The white dot in the photo is the middle gunner at the qualifying field trial. Amazing distances. Amazing athletes these field trial dogs are.


----------



## Kmullen (Feb 17, 2010)

gdgli said:


> Oh c'mon. Let us enjoy one of the rare compliments that a true field dog can get regarding conformation.
> 
> FYI, when I judged one of our Gundog Stakes I saw one conformation dog do EXCELLENT water work. That night I called the owner of the dog and complimented the dog's work. (BTW, you have seen the dog in TV ads and Mag ads.)
> 
> Field dog owners---when was the last time a conformation person called you to say something positive about your dog's conformation? Typically we hear: Needs more bone; Needs more coat; He's small; He has big feet; He's ugly. You hate generalizations and I hate hearing the bulldingy that I mentioned. And don't kill the messenger. If I told you what the CCA judges really said I would cause a riot on the forum.


I would never say that field Goldens have no fronts...! I have seen many very nice field Goldens! I have complemented those! I just said I do not like the generalization that "the fronts have went to the field dogs." So, yes I do have a problem with that statement. ;-). Other ways to say field Goldens have nice fronts than bashing conformation Goldens for their "no fronts."

It works both ways is where I trying to get at!


----------



## Kmullen (Feb 17, 2010)

And My CH bitch placed behind Stacey's Lucy in Gun Dog sweeps! Lucy is a beautiful bitch and I told Stacey that. She looks nothing like Remi and neither did the 1st and 2nd places. Remi was the only CH bitch that placed. The 3 in front of me (including Lucy) out moved Remi and had very nice fronts! 

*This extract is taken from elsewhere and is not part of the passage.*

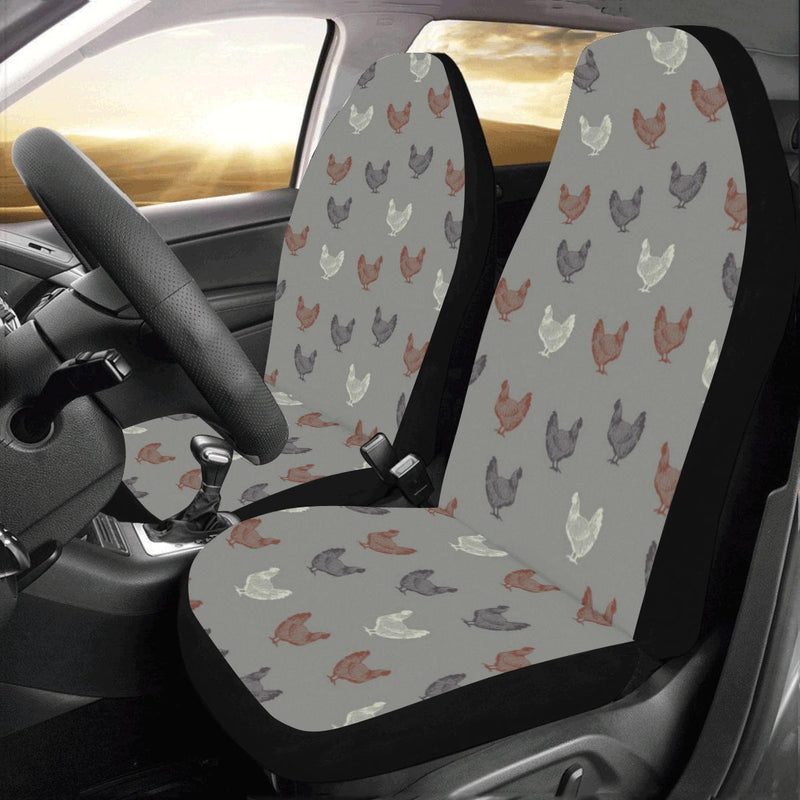 Chicken Pattern Print Design 01 Car Seat Covers (Set of 2)-JORJUNE.COM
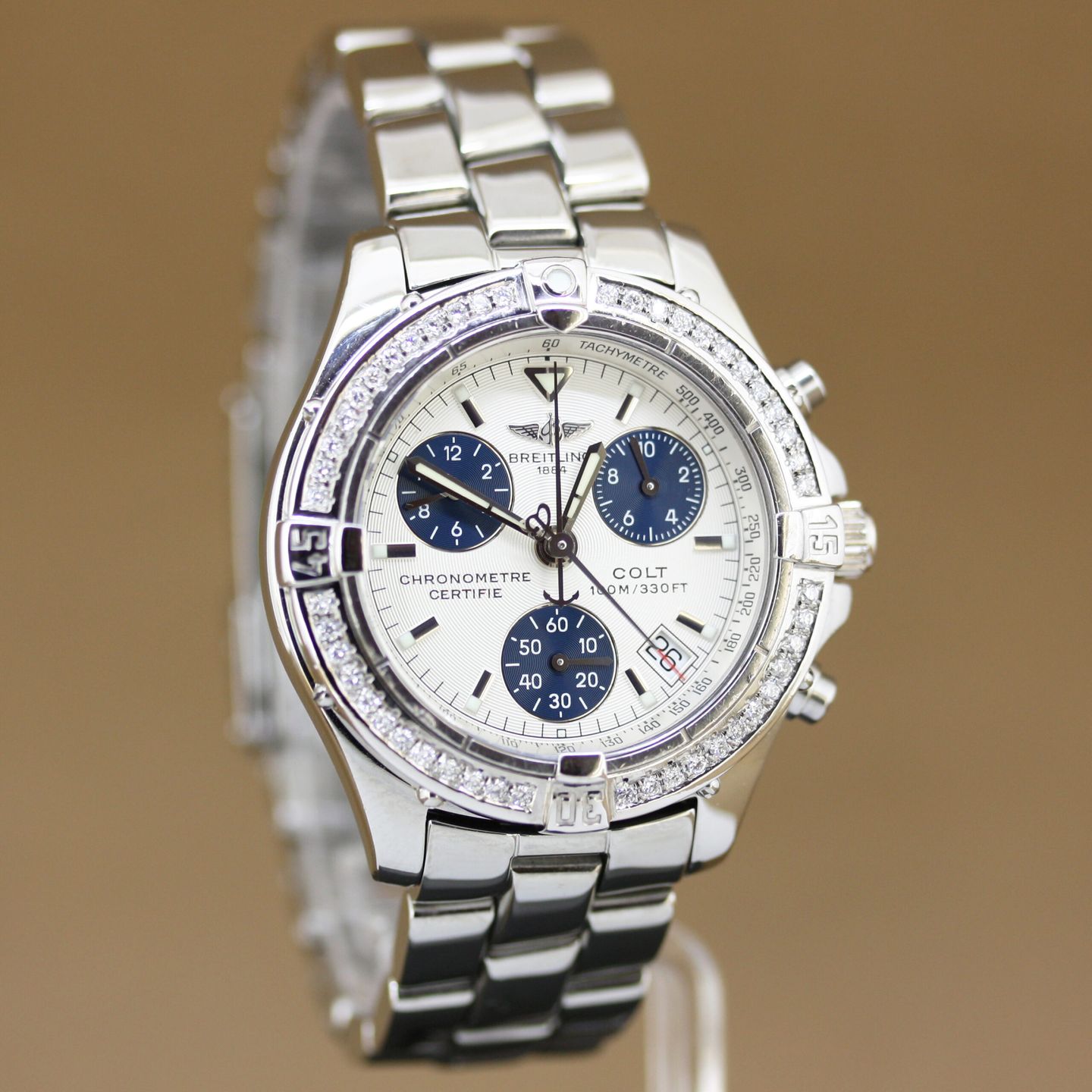Breitling Colt Chronograph A73350 (2003) - 38 mm Steel case (3/8)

I never down anybody's dogs without seeing and putting hands on.


----------



## hollyk (Feb 21, 2009)

Alaska7133 said:


> Holly,
> It was an honor to be able to shoot at the Q and the Open. I didn't bring my gun so I had to borrow which was awkward shooting someone else's gun, but worked out great! It was a good experience and I'm glad I stepped forward to do it. Since there are 2 gunners you have a pretty good chance at hitting the birds. Incidentally a woman I train with up here was also shooting. She shot for the amateur on Monday and the derby in Tuesday. So 2 women from Alaska shooting at nationals. You women down in the states really need to learn how to shoot! Find a shooting range and get started!
> 
> The white dot in the photo is the middle gunner at the qualifying field trial. Amazing distances. Amazing athletes these field trial dogs are.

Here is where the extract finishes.